If i was starting HE now i would wait and see what they are getting in october as they are being re released before buying any more

If you want a guess at what the elves get 10 Lothern seaguard, 10 Sword masters, 5 Eyllrion Reavers, Griffon rider and a mage. 

So your next step would probably be archers bolt throwers, an eagle or 2 and infantry blocks, possibly a dragon. But hold fire for the the moment


----------



## GreenFaceMonkey

Ok, will do then. I immaine i wont expand the setuntil christmas, as im a slow worker and will only add stuff once the box has been released. Ill get a codex i guess and go from there, its jus tricky since im new to playing/list writing.
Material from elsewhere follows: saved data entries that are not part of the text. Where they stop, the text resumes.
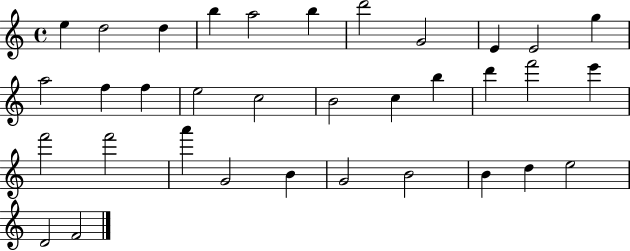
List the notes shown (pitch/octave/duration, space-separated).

E5/q D5/h D5/q B5/q A5/h B5/q D6/h G4/h E4/q E4/h G5/q A5/h F5/q F5/q E5/h C5/h B4/h C5/q B5/q D6/q F6/h E6/q F6/h F6/h A6/q G4/h B4/q G4/h B4/h B4/q D5/q E5/h D4/h F4/h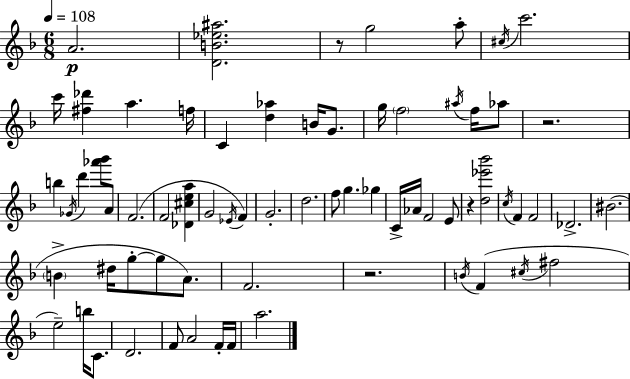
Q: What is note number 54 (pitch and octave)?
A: F4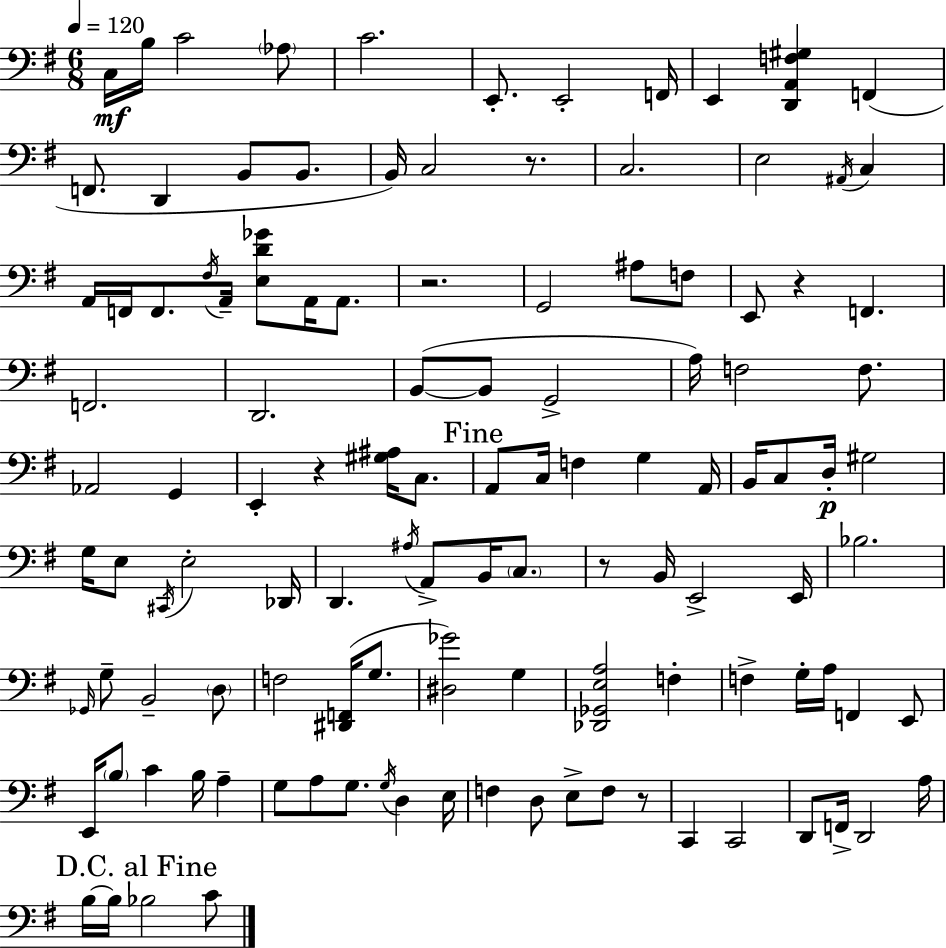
{
  \clef bass
  \numericTimeSignature
  \time 6/8
  \key e \minor
  \tempo 4 = 120
  c16\mf b16 c'2 \parenthesize aes8 | c'2. | e,8.-. e,2-. f,16 | e,4 <d, a, f gis>4 f,4( | \break f,8. d,4 b,8 b,8. | b,16) c2 r8. | c2. | e2 \acciaccatura { ais,16 } c4 | \break a,16 f,16 f,8. \acciaccatura { fis16 } a,16-- <e d' ges'>8 a,16 a,8. | r2. | g,2 ais8 | f8 e,8 r4 f,4. | \break f,2. | d,2. | b,8~(~ b,8 g,2-> | a16) f2 f8. | \break aes,2 g,4 | e,4-. r4 <gis ais>16 c8. | \mark "Fine" a,8 c16 f4 g4 | a,16 b,16 c8 d16-.\p gis2 | \break g16 e8 \acciaccatura { cis,16 } e2-. | des,16 d,4. \acciaccatura { ais16 } a,8-> | b,16 \parenthesize c8. r8 b,16 e,2-> | e,16 bes2. | \break \grace { ges,16 } g8-- b,2-- | \parenthesize d8 f2 | <dis, f,>16( g8. <dis ges'>2) | g4 <des, ges, e a>2 | \break f4-. f4-> g16-. a16 f,4 | e,8 e,16 \parenthesize b8 c'4 | b16 a4-- g8 a8 g8. | \acciaccatura { g16 } d4 e16 f4 d8 | \break e8-> f8 r8 c,4 c,2 | d,8 f,16-> d,2 | a16 \mark "D.C. al Fine" b16~~ b16 bes2 | c'8 \bar "|."
}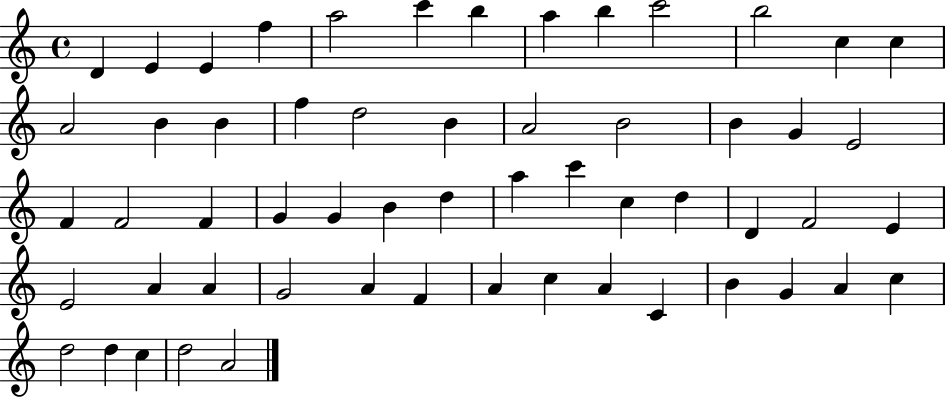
X:1
T:Untitled
M:4/4
L:1/4
K:C
D E E f a2 c' b a b c'2 b2 c c A2 B B f d2 B A2 B2 B G E2 F F2 F G G B d a c' c d D F2 E E2 A A G2 A F A c A C B G A c d2 d c d2 A2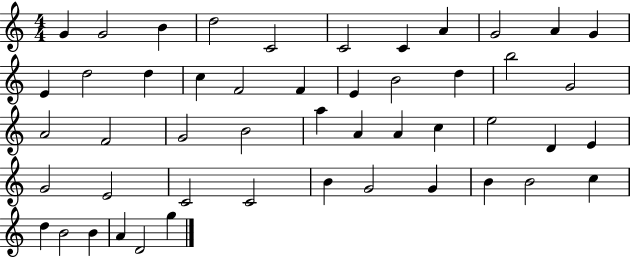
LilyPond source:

{
  \clef treble
  \numericTimeSignature
  \time 4/4
  \key c \major
  g'4 g'2 b'4 | d''2 c'2 | c'2 c'4 a'4 | g'2 a'4 g'4 | \break e'4 d''2 d''4 | c''4 f'2 f'4 | e'4 b'2 d''4 | b''2 g'2 | \break a'2 f'2 | g'2 b'2 | a''4 a'4 a'4 c''4 | e''2 d'4 e'4 | \break g'2 e'2 | c'2 c'2 | b'4 g'2 g'4 | b'4 b'2 c''4 | \break d''4 b'2 b'4 | a'4 d'2 g''4 | \bar "|."
}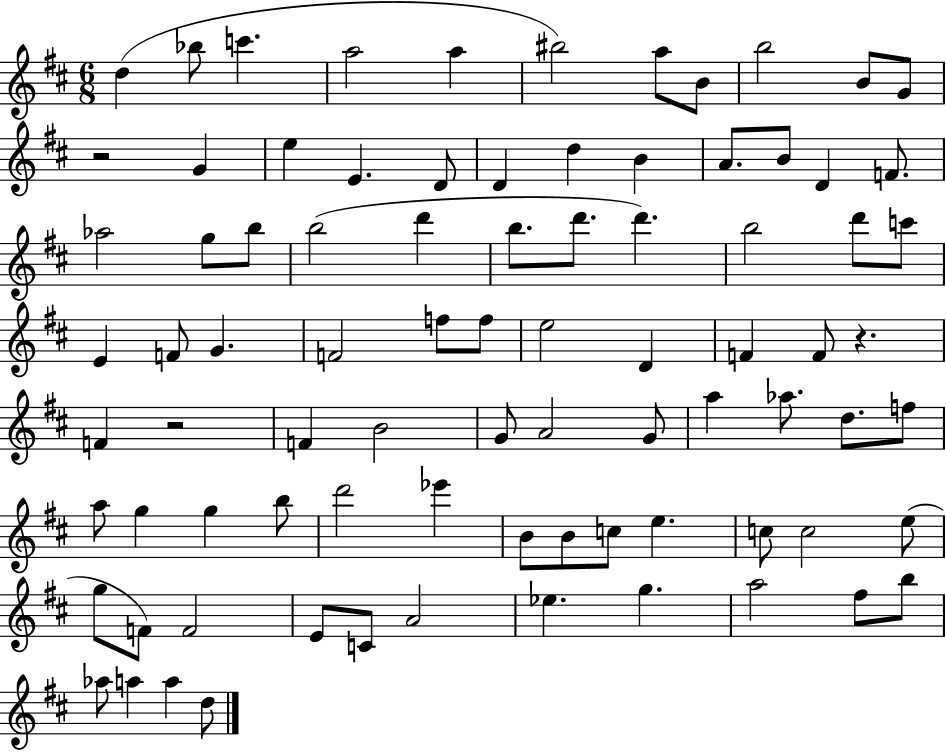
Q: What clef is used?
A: treble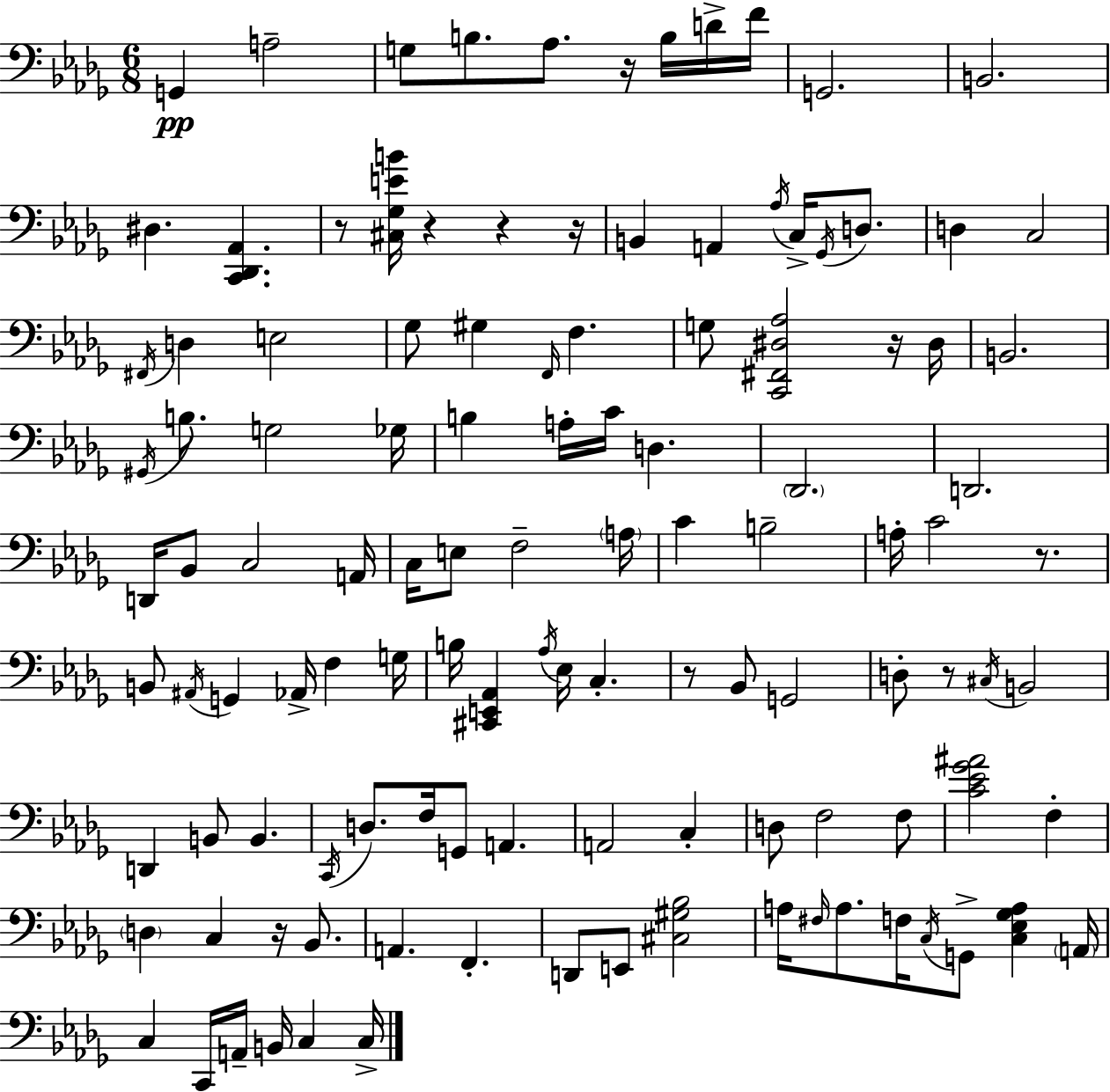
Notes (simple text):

G2/q A3/h G3/e B3/e. Ab3/e. R/s B3/s D4/s F4/s G2/h. B2/h. D#3/q. [C2,Db2,Ab2]/q. R/e [C#3,Gb3,E4,B4]/s R/q R/q R/s B2/q A2/q Ab3/s C3/s Gb2/s D3/e. D3/q C3/h F#2/s D3/q E3/h Gb3/e G#3/q F2/s F3/q. G3/e [C2,F#2,D#3,Ab3]/h R/s D#3/s B2/h. G#2/s B3/e. G3/h Gb3/s B3/q A3/s C4/s D3/q. Db2/h. D2/h. D2/s Bb2/e C3/h A2/s C3/s E3/e F3/h A3/s C4/q B3/h A3/s C4/h R/e. B2/e A#2/s G2/q Ab2/s F3/q G3/s B3/s [C#2,E2,Ab2]/q Ab3/s Eb3/s C3/q. R/e Bb2/e G2/h D3/e R/e C#3/s B2/h D2/q B2/e B2/q. C2/s D3/e. F3/s G2/e A2/q. A2/h C3/q D3/e F3/h F3/e [C4,Eb4,Gb4,A#4]/h F3/q D3/q C3/q R/s Bb2/e. A2/q. F2/q. D2/e E2/e [C#3,G#3,Bb3]/h A3/s F#3/s A3/e. F3/s C3/s G2/e [C3,Eb3,Gb3,A3]/q A2/s C3/q C2/s A2/s B2/s C3/q C3/s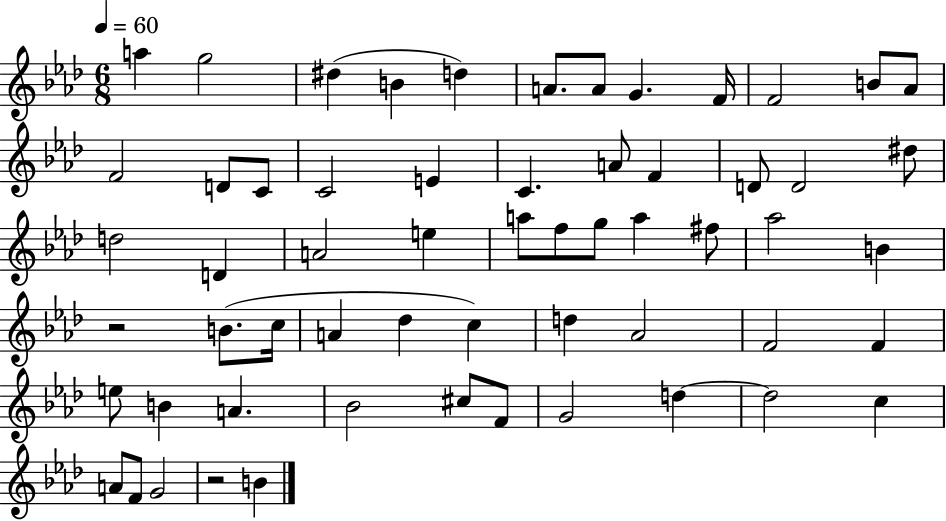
{
  \clef treble
  \numericTimeSignature
  \time 6/8
  \key aes \major
  \tempo 4 = 60
  a''4 g''2 | dis''4( b'4 d''4) | a'8. a'8 g'4. f'16 | f'2 b'8 aes'8 | \break f'2 d'8 c'8 | c'2 e'4 | c'4. a'8 f'4 | d'8 d'2 dis''8 | \break d''2 d'4 | a'2 e''4 | a''8 f''8 g''8 a''4 fis''8 | aes''2 b'4 | \break r2 b'8.( c''16 | a'4 des''4 c''4) | d''4 aes'2 | f'2 f'4 | \break e''8 b'4 a'4. | bes'2 cis''8 f'8 | g'2 d''4~~ | d''2 c''4 | \break a'8 f'8 g'2 | r2 b'4 | \bar "|."
}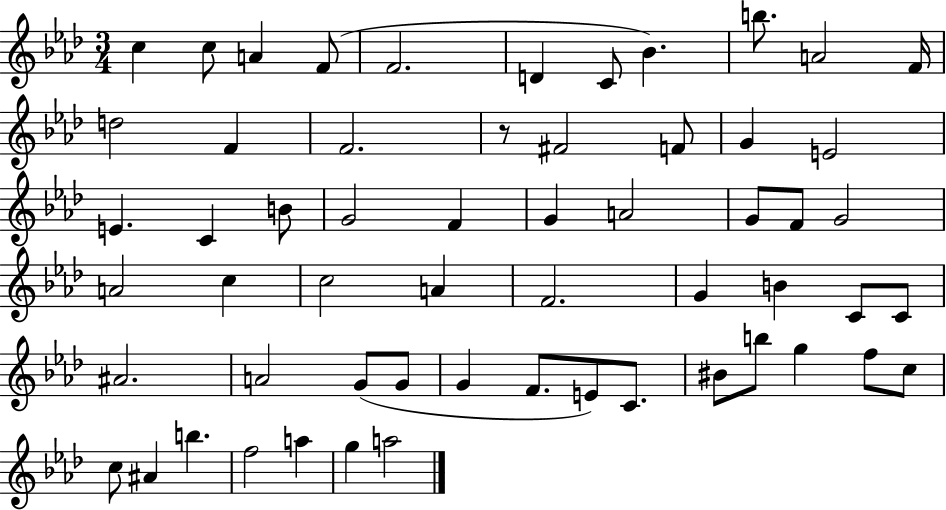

Come to think of it, there could be example lists like there was in Skull Pass.


----------



## Cheese meister

just seen some of the pics and i'm getting 2 when they come out


----------



## Creon

Assuming this (http://www.heresy-online.net/forums/showthread.php?t=64926&page=3) is correct, here is the contents:

Prince on Griffon
Mage on foot
20 Sea Guard
10 Swordmasters of Hoeth
5 Ellyrian Reavers

Skaven

Warlord
Warlock
40 Clanrats
20 Slaves
Poisoned Wind Mortar
Warpfire Thrower
2 Rat Ogres with Packmaster
5 Poisoned Wind Globadiers

Assuming a Tradesies Elves for Skaven (which is my plan, hates the High Elvees, we do!) You'd need RBT's, some bow units, and likely spellcasters.


----------



## Cheese meister

i wold use him as eltharion on stormwing personally


----------